In the run-up to the big day, CBRL in Amman had been tasked with overseeing the guest list – a delicate matter in terms of community relations. We were hoping for an excellent turn-out as the confirmed numbers rose steadily from 80 to 90 and then to 120 ahead of the date. We were delighted when we counted 200 people on the day, but it wasn’t without a fair amount of nervous head-counting and telephone calls to the kitchen at the Feynan Ecolodge to ensure that everyone would be catered for. Never mind the exhibit, not enough food would have been a disaster! 

After the opening ceremony, guests were invited to Feynan Ecolodge for lunch. Photo by Carol Palmer.

The event consisted of speeches in front of an audience of about 200 local notables, school troop dance performances, ribbon cutting, and visit to the newly installed central hall exhibit, then an impromptu 4-wheel drive vehicle and pickup cavalcade to the award-winning Feynan Ecolodge for a film-showing, lunch, and Faynan Heritage booklet distribution. It was a wonderfully festive occasion. 

The three-dimensional model of the Faynan landscape was the centre of attention. Photo courtesy of the Department of Antiquities.

Seeing all the Bedouin enthusiastically crowd around the 3-D model at the opening ceremony and pointing out areas known to them and reading the panels on the walls was a real highlight of the morning’s events. 

So, off to a great start! We look forward to the next phase in Faynan’s growth and through the new museum, to an increased awareness of its amazing heritage. 

Guests arriving at Feynan Ecolodge. Photo by Carol Palmer.

The soft opening event on the 4th of March was made possible through a close collaboration between the Ministry of Tourism and Antiquities, the Department of Antiquities, Reading University, CBRL’s British Institute in Amman, Safi Museum (‘The Museum at the Lowest Place on Earth’), Feynan Ecolodge, and key representatives from the local community. The event was additionally supported by local schools.  

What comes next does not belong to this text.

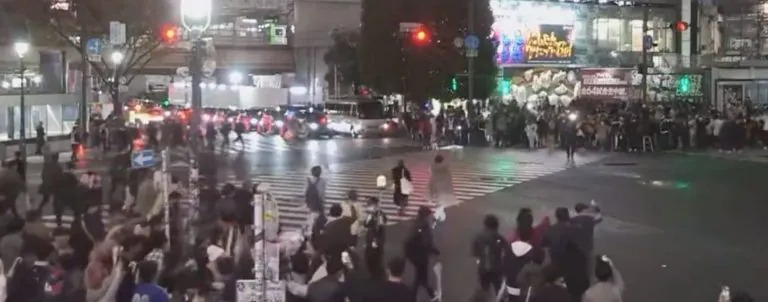 tifosi giapponesi semaforo verde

See the Faynan Heritage website for more and future updates.

Carol Palmer is CBRL’s director of the British Institute in Amman, a post she has held since September 2009. She has known Wadi Faynan well since 1998 when she held a CBRL Post-doctoral Fellowship at the University of Leicester and was a team member of Prof Graeme Barker, Prof David Mattingly and David Gilbertson’s Wadi Faynan Landscape Survey where she made a study of the recent Bedouin heritage and history of Faynan.